Bahrain’s largest industrial firm, Aluminium Bahrain (Alba), is looking to expand into new markets as it competes to hold its place in an increasingly competitive regional market. In large part due to the global economic downturn, Alba recorded a net loss of US$220 million in 2009, a sharp turnaround from the US$781.9 million profit it posted the year before. Late last month Mumtalakat Holding, the government-owned investment company that includes Alba and all Bahrain’s non-oil state-owned firms, announced losses of US$487 million for 2009. To counter this, Alba is aiming to boost output and broaden its market base. The company has targeted Europe as a major area for expansion, as a number of aluminum producers on the continent are currently scaling back or even halting operations. As part of that strategy, Alba is looking to ramp up production levels, announcing plans to expand capacity to 1.4 million tons by the end of 2014 by constructing a new plant and raising the output of existing lines.

RAK: Beyond construction

Diversification has become the name of the game for RAK’s light industries, as a foreseen fall-off in construction is expected in the near future as demand begins to catch up with supply. One company that has managed to weather the rise and fall of construction demand amid the global crisis is RAK Ceramics. The firm, which was started in 1991, has rapidly expanded abroad and now operates in Germany, the UK, Italy, Belgium, Georgia, Australia, China, India, Saudi Arabia, Sudan, Bangladesh and Iran, with its top production facilities after RAK in China, India and Bangladesh. Like many local industrial concerns, the firm benefits from the low cost of materials (much of the feedstock, from energy to minerals, can be sourced domestically) and a position that allows easy access via ports to the Gulf and beyond. But perhaps the most important ingredient in the success of the local building materials segment over the past two decades is the growth in construction that has accompanied the Middle East’s increasing economic power and population. While RAK Ceramics is perhaps the most prominent industrial player in the emirate, it is not the only manufacturing industry that has profited from the building boom of the last decade. Nearly all of RAK’s light industry – cement, glass production and ceramics – is tied up in some way with the construction sector. The slowdown that accompanied the financial crisis has, therefore, led to slower growth for many of RAK’s industrial companies. Although RAK Ceramics managed to weather the financial crisis well, in large part due to its diversified holdings across the Middle East and Asia, others have seen a more mixed picture: RAK Cement has recently seen its share price on the Abu Dhabi Exchange dip as cement prices remain low and the rate of building is presently subdued compared to pre-crisis levels. However, it also managed to stay in the black throughout the downturn, with profit tripling in the first quarter of 2009 when compared to a year earlier, and a further 15.5 per cent growth reported in the first quarter of 2010. RAK Cement benefits from proximity to RAK’s significant limestone deposits; other cement firms in the GCC usually have to import their raw materials, driving up prices. (Source: OBG)

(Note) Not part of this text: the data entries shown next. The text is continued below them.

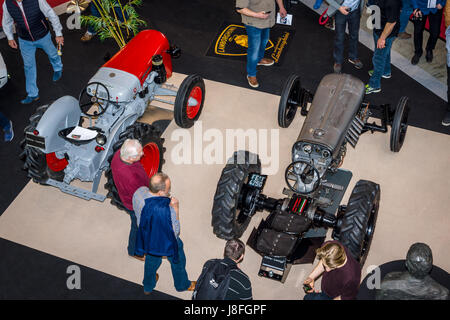 STUTTGART, GERMANY - MARCH 04, 2017: Tractors Lamborghini. View from above. Europe's greatest classic car exhibition 'RETRO CLASSICS' Stock Photo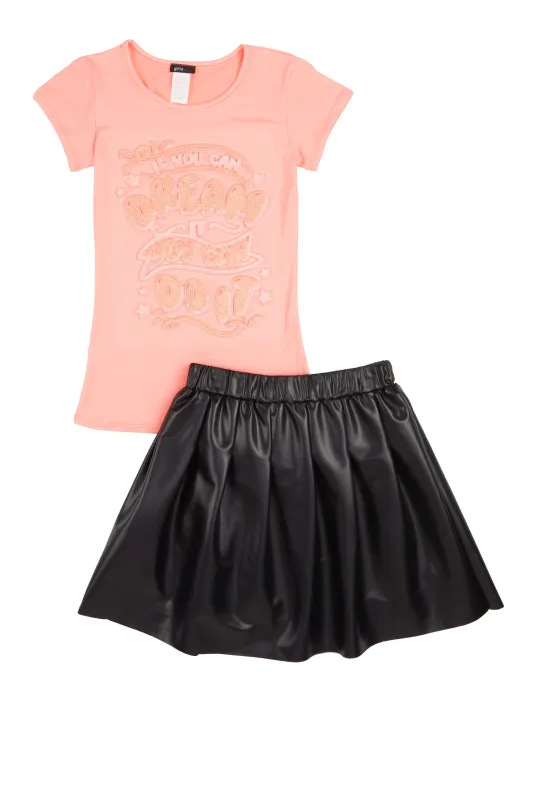 Girls If You Can Dream It You Can Do It Tee and Pleated Skirt sold by Rainbow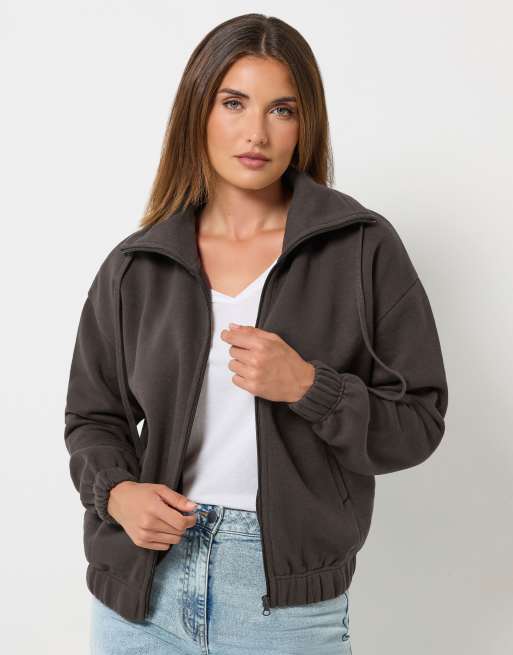 Long Tall Sally Funnel neck zip through sweatshirt in brown, 2 of 4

Kuwait: 90pct of foreign investment seeks industry opportunities

Of all permit requests for foreign investment projects in Kuwait, 90.8 per cent is in the industrial sector, Kuwait News Agency reports according to the official statistics. Figures by the Ministry of Commerce and Industry's Foreign Investment Office showed services as second most attractive sector, with some 9.1 percent, followed by commerce with some 0.1 per cent. The office said, on its website, that 92 per cent of industry related requests were approved, while the figure in services came to some 8 percent, according to the latest statistics. The office also said investment requests came from 13 countries; the US, Switzerland, Holland, France, Britain, Japan, Iran, Sweden, Mauritius Islands, Finland, Jordan, Italy, and Malaysia. Investment for the projects approved came from five countries; Holland at 75 per cent of all approvals, the US at 14 per cent, France with 6 per cent, Britain at 4 per cent, and Switzerland at 1 per cent.